Der Sachverhalt
Eine ehemals als Sachbearbeiterin tätige Frau aus Gießen bezog nach Aufhebung ihres Arbeitsvertrages Arbeitslosengeld. Nachdem sie der Bundesagentur für Arbeit mitgeteilt hatte, dass sie ein Studium der Betriebswirtschaft aufnehmen werde, hob die Bundesagentur für Arbeit die Bewilligung des Arbeitslosengeldes ab Semesterbeginn (1. September 2010) auf.
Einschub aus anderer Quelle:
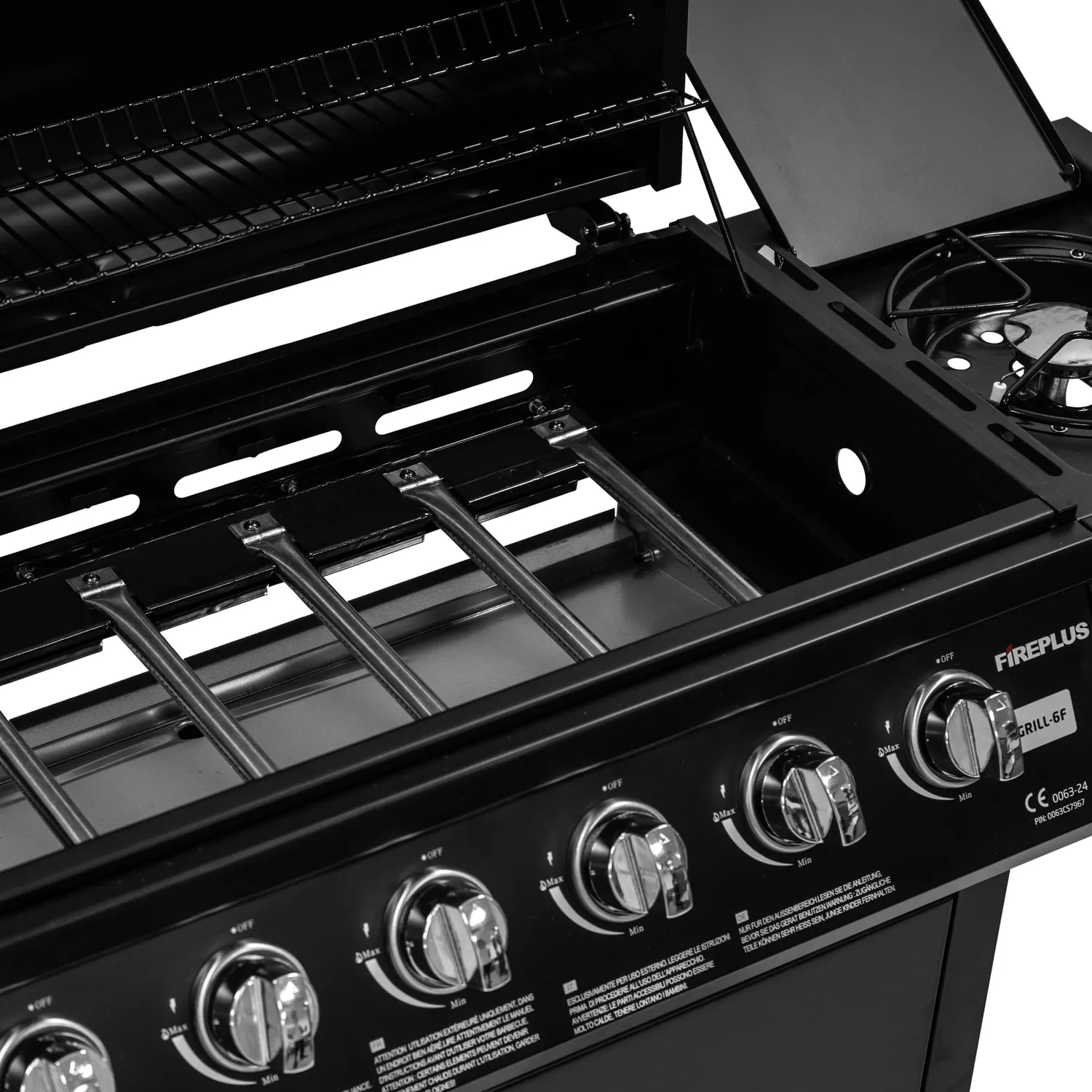 Amig Fireplus GRILL-6F barbecue a gas 6+1 nero 12,9 kW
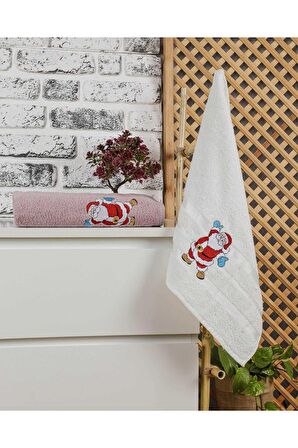 Mira Home Banyo Havlusu Takımı Noel Baba  Nakışlı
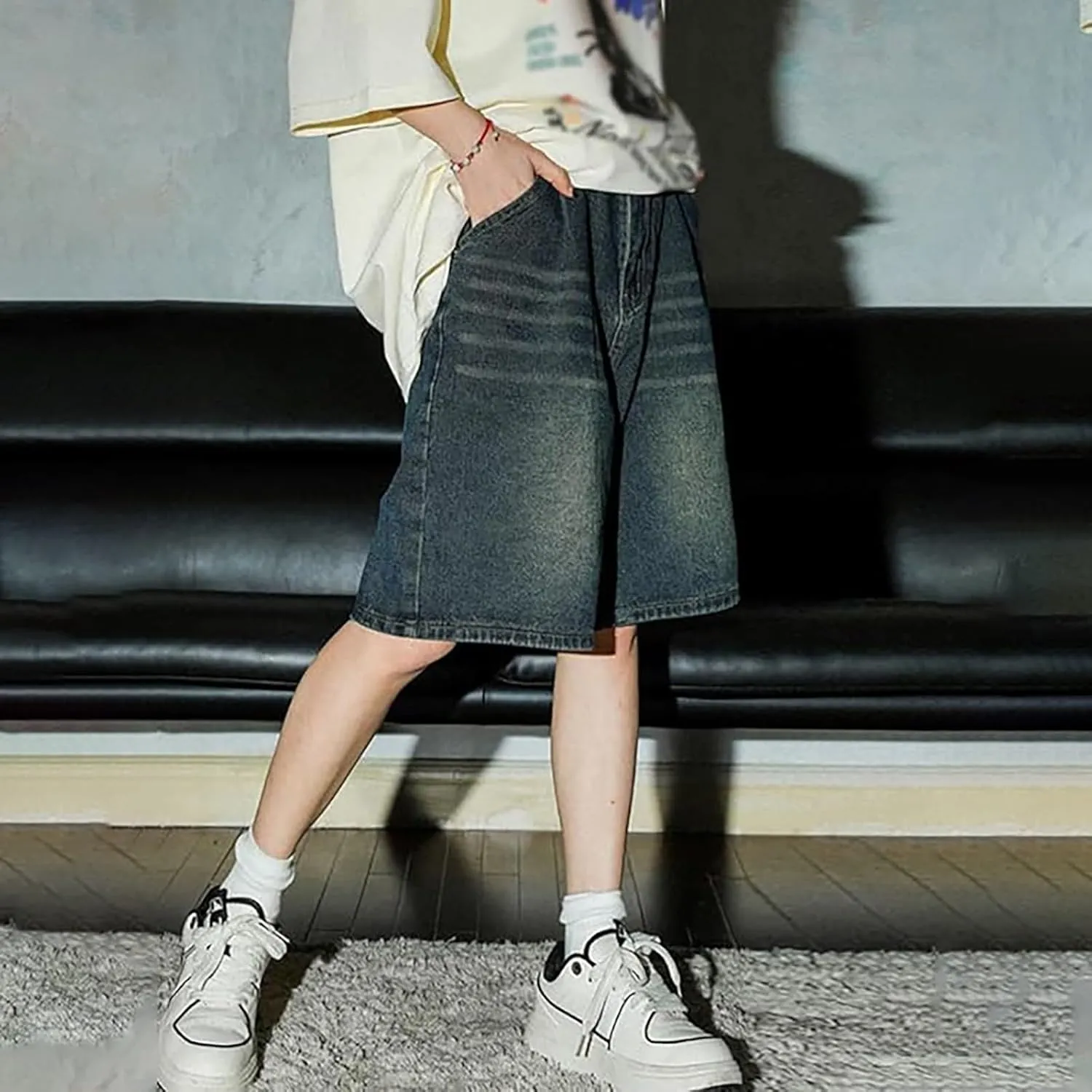 Mens Loose Fit Denim Shorts Baggy Summer Casual Wide Leg Mid Jean Jorts Hip Hop Shorts Streetwear Clothes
Als eingeschriebene Studentin könne sie nur eine versicherungsfreie Beschäftigung ausüben und stehe dem Arbeitsmarkt nicht zur Verfügung.
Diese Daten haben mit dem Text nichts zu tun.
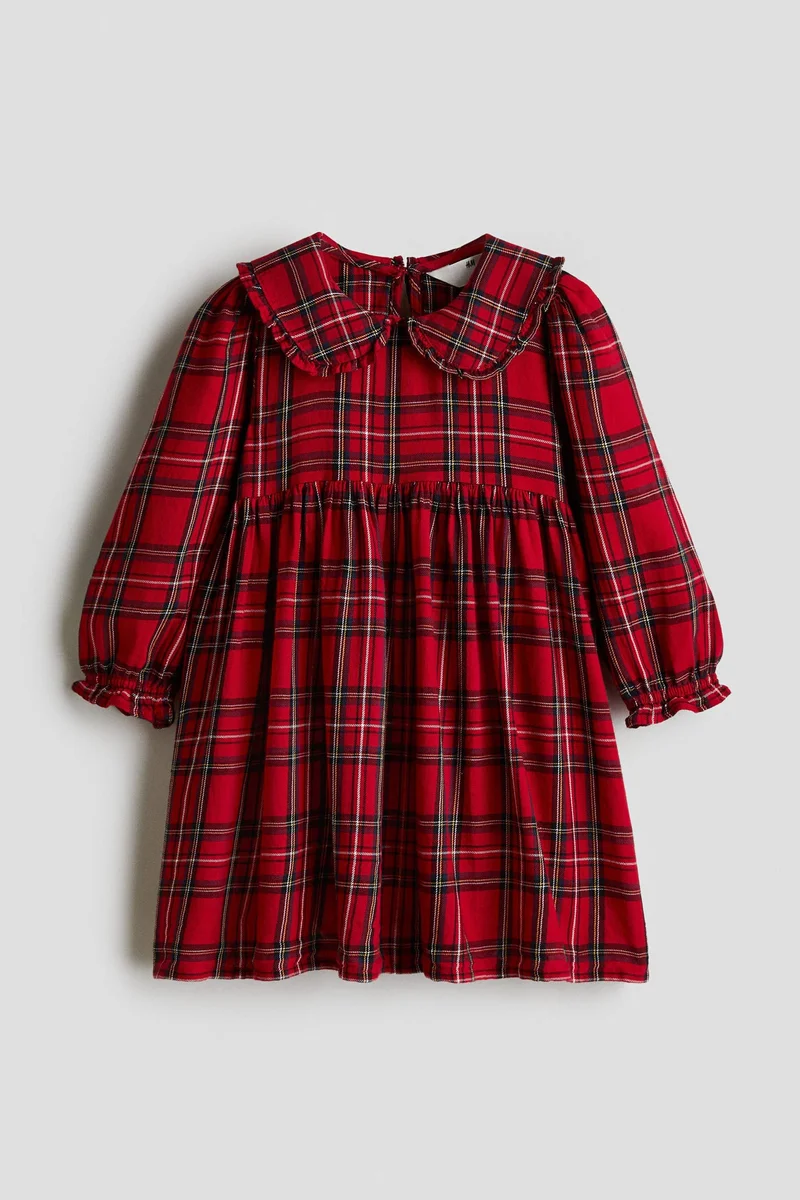 اتش اند ام فستان من الفلانيل بياقة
Die 29-jährige Frau ist hingegen der Auffassung, dass dies für die Zeit zwischen Semesterbeginn und Vorlesungsbeginn (4. Oktober 2010) nicht gelte.
Das Urteil des Hessischen Landessozialgerichts (L 9 AL 148/13)
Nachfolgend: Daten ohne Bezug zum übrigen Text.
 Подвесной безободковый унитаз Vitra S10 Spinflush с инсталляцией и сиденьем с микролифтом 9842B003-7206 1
Arbeitslosengeld kann nur beanspruchen, wer den Vermittlungsbemühungen der Agentur für Arbeit zur Verfügung steht. Diese Verfügbarkeit wird bei Studierenden regelmäßig verneint, weil sie - so die gesetzliche Vermutung - nur versicherungsfreie Beschäftigungen ausüben können. Beginnt das Studium für den Studierenden erst mit Beginn der Lehrveranstaltungen, so kann diese Vermutung widerlegt werden.
Studentin bekommt Recht
Die Richter gaben der Studentin Recht. Allein durch die Immatrikulation (Einschreibung an einer Hochschule) sei keine wesentliche Änderung in den tatsächlichen oder rechtlichen Verhältnissen eingetreten, aufgrund derer die Bewilligung des Arbeitslosengeldes aufzuheben gewesen sei, so das Urteil (Az. L 9 AL 148/13) des Hessischen Landessozialgerichts.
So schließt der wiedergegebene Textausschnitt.